* **What the exercise asks**:
Starting with the line that contains "Amman 3Pc - Festive" and stopping after the line that contains "Shirt with embroidered", return each line below exactly as written, with no others.

(Records from a data collection)
= = = = =

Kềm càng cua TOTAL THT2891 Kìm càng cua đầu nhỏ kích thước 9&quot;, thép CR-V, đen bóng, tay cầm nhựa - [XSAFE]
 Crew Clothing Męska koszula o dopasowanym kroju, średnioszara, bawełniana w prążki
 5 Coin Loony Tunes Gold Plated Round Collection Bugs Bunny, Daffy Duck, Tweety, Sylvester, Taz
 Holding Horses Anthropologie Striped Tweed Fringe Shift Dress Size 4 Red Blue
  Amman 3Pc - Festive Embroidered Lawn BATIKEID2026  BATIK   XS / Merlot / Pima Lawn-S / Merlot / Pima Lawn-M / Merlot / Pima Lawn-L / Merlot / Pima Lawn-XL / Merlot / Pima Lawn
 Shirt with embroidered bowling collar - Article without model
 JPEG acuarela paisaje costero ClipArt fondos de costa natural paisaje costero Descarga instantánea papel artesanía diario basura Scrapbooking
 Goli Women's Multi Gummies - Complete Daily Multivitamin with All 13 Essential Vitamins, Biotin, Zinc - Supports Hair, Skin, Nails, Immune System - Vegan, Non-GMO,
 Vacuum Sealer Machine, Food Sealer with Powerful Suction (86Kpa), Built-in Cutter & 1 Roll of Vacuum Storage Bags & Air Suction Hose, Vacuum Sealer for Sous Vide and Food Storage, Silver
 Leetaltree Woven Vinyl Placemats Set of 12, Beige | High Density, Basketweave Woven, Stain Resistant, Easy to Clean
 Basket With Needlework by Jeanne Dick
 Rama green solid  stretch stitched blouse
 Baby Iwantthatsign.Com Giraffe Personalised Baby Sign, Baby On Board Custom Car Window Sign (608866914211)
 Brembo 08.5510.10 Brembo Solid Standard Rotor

= = = = =

* **Answer section**:
  Amman 3Pc - Festive Embroidered Lawn BATIKEID2026  BATIK   XS / Merlot / Pima Lawn-S / Merlot / Pima Lawn-M / Merlot / Pima Lawn-L / Merlot / Pima Lawn-XL / Merlot / Pima Lawn
 Shirt with embroidered bowling collar - Article without model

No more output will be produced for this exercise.